For example, consider the device 400 illustrated in FIG. 4(a). For
purposes of explanation there are three points on the display 402
designated as A, B, and C. In the example of FIG. 3, these might
have corresponded to Zones 5, 1, and 3, respectively. In this
example, however, the device utilizes a continuous function to
determine scroll speed. FIG. 4(b) illustrates two example functions
that can be used to determine scroll speed in accordance with
various embodiments. In this example, the scroll speeds vary from
forward at about 20 lines per second when near point C to backward
about -20 lines per second when near point A. In one embodiment, a
substantially linear function 422 is utilized, such that the scroll
speed varies substantially linearly with distance. Thus, as the
user's viewing direction drifts towards point C from point B, the
scroll speed will increase at a substantially constant rate
(assuming no substantial variations in the drift). Since the
midpoint of the screen (around point B) might actually correspond
to the target scroll rate for the user, the point at which the
content stops scrolling might actually be above point B, such that
the scroll rate at point A might not be the opposite of that at
point C.
In at least some cases, however, it might be desirable to adjust
the scroll speed less when the viewing location is near the
intended location, and adjust the scroll speed more near the edges
of the display. Accordingly, a non-linear function 424 can be used
that changes less around point B and faster around points A and C.

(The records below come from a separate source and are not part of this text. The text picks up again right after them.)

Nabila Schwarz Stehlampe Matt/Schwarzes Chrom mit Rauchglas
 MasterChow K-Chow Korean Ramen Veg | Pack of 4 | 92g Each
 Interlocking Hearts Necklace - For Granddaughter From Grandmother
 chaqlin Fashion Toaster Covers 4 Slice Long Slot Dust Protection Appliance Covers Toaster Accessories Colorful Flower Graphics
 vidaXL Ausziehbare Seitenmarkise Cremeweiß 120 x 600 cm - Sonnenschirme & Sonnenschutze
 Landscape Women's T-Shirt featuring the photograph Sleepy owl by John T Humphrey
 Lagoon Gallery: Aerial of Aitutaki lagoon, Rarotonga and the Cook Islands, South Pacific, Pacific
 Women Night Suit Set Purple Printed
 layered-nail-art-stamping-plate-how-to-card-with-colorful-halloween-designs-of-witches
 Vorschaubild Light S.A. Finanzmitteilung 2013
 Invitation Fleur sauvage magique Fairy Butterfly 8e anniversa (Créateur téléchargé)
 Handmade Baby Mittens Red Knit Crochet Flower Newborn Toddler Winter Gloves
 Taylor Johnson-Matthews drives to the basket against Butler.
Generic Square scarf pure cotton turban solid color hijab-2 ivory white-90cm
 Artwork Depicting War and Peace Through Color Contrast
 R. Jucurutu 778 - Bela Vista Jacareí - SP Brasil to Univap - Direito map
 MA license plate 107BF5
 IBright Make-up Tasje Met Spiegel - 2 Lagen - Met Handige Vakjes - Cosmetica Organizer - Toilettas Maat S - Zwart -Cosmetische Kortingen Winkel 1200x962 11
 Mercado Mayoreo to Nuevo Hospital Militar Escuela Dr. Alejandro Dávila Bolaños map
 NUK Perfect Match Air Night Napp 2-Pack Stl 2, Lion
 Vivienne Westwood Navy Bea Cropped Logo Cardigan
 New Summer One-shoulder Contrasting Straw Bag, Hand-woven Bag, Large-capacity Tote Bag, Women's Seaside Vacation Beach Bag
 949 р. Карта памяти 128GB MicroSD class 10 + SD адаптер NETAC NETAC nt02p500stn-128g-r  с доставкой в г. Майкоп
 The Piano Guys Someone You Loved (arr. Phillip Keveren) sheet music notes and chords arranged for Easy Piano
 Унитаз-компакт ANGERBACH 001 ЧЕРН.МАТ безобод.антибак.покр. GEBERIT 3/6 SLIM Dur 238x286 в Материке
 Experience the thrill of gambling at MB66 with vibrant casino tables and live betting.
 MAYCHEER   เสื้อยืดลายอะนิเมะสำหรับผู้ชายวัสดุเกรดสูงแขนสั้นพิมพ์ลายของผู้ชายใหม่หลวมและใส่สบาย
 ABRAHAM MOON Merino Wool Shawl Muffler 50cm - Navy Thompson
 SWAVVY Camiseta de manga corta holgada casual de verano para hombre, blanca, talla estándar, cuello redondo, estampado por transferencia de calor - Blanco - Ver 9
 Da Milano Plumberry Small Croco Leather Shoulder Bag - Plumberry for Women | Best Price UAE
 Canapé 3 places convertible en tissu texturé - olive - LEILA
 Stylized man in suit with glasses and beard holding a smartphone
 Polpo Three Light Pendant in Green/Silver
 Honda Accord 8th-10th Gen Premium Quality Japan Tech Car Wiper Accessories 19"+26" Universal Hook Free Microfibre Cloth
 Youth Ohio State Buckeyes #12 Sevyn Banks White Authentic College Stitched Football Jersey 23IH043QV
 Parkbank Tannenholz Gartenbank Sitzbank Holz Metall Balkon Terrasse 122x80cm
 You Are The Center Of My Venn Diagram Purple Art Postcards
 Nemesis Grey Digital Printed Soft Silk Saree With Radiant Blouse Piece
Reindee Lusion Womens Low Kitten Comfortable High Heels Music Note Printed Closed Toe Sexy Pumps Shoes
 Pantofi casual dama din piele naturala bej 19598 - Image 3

Thus, the device can determine the current viewing location for the
user with respect to the display screen, and based on the
approximate location can determine the scroll speed according to
the function. Such an approach can allow for gentle changes that
might not even be noticeable to the user.
The function used might also vary based on the type of content. For
example, digital novels might have a function similar to that of
function 426 where a substantially constant viewing style of the
user will be used to view that content (i.e., the user will likely
read the content line by line). For content such as magazines or
Web sites where content might be organized differently, and a user
might only look at certain areas, the appropriate function might be
quite different.
Further, the function might intentionally be varied over time. In
one embodiment, a user reading content for a long time might get
eye fatigue if glancing at exactly the same location for an
extended period of time. A device in accordance with certain
embodiments can adjust the function such that the user's gaze
location is varied slowly over time, enabling the user's eyes to
get exercise without the user even potentially being aware of the
movement. In the example of FIG. 4(b), the functions could be
adjusted such that the "sweet spot" of point B is slowly moved up
and down the page, using a sinusoidal, random, or other such
approach. Similarly, in the example of FIG. 3, the position of Zone
could be moved up and down (or otherwise) relative to the display
in order to provide some exercise of the user's eyes. In some
embodiments, the movement can happen by default, or after a minimum
amount of time reading or viewing content. In other embodiments,
the device might attempt to detect fatigue by the user's
expressions, movements, posture, eyelid shape, or any other aspect
indicative of fatigue. In at least some embodiments, the device can
utilize the same image capture process to detect fatigue as to
determine gaze position, user identity, etc.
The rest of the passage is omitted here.